Nicol said: “If you forget about the 2007-2008 price crash, house prices typically rise between 3-5% each year.

“So with our prediction that house prices are going to go up by 6%, and with others predicting as high as 7%, we’re still in a very, very strong market.

“We’re expecting things to continue in this way because basically there’s still a supply and demand issue: there’s a great demand for properties, but a shortage of properties on the market right now.

“You will remember the loo roll prices that came about when everyone was out panic buying? Prices of loo roll went up because there was a high demand for it and a lack of supply.

“It’s similar-ish with houses right now: there’s a lack of supply, lots of people looking to purchase and as a result that’s pushing the prices up still.
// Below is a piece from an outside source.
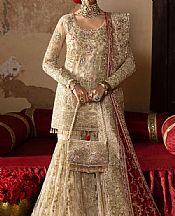 Imrozia White Net Suit- Pakistani Designer Chiffon Suit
“It’s not going to be as bonkers as it was, but you’ll still find that house prices are on the up.”

He added that the country can’t build homes quick enough and one of the major issues is that the bricks needed are still going up in price.

Nicol said: “Back in 2020, a thousand bricks were costing around £595, and they now cost about £795 for the same brick.”

He also explained that the number of prime-age buyers, described as around 35-years-old, has also increased by 235,000 growing from around 4.2m in 2010 to 4.435m today.

He said that this growing number of buyers comes on top of growth in the number of households which have increased from 26 million in 2010, to 28 million today, adding: “We don’t think this market is going to drop.

“We think it may well slow down slightly, as the increase in interest rates has an impact on buyers’ borrowing power. But we’re not going to see a drop off in interest in properties.”